▶ _WORK REQUIRED_
Within the lines below, the span from the line with "Warung Enjoy Cafe 2 Munduk" to the line with "Alvares Cabral Apartamento", both ends included, is to be reproduced exactly, with pictures omitted.

▶ _DATASET CONTENT_
● ● ● ● ● ● ●

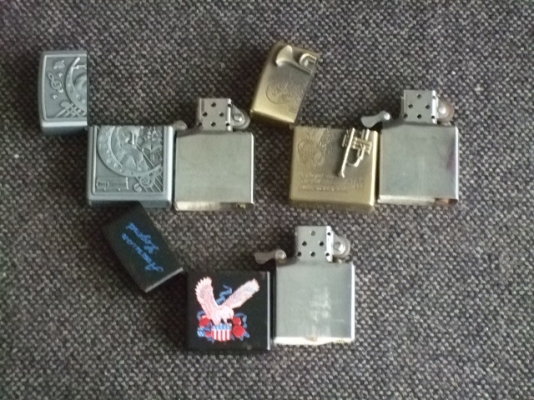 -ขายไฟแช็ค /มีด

● ● ● ● ● ● ●

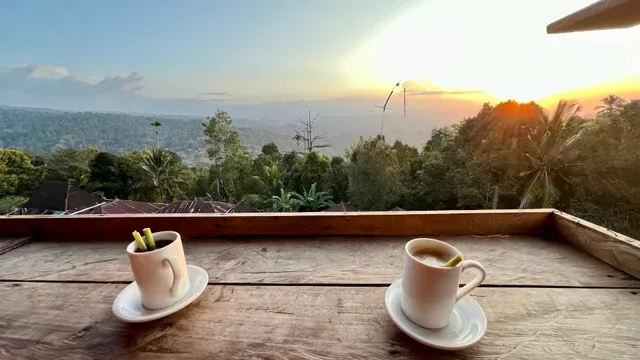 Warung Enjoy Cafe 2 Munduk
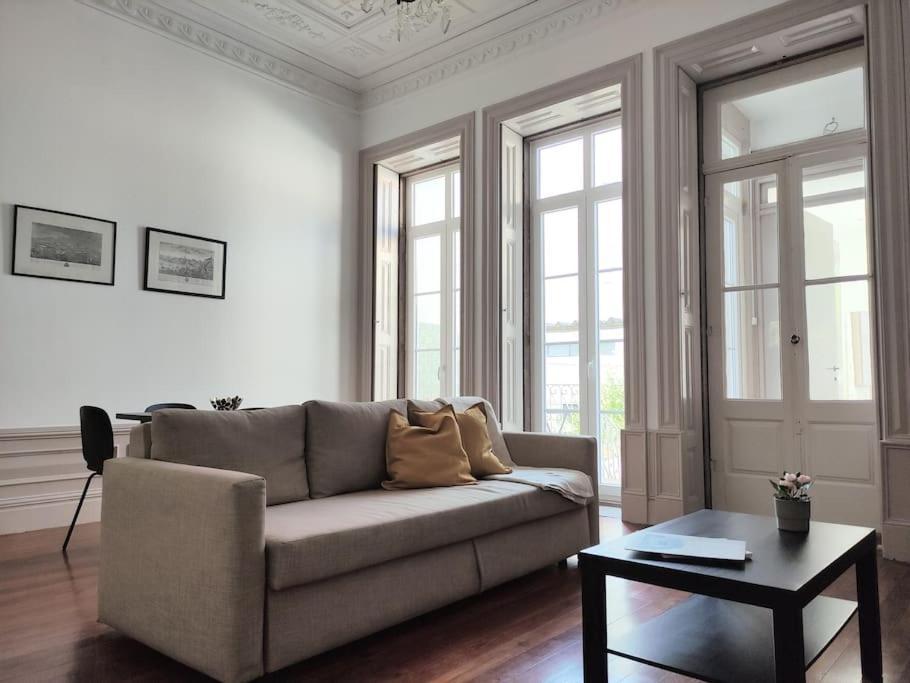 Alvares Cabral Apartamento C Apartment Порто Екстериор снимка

● ● ● ● ● ● ●

▶ _RESPONSE TO THIS EXERCISE_
 Warung Enjoy Cafe 2 Munduk
 Alvares Cabral Apartamento C Apartment Порто Екстериор снимка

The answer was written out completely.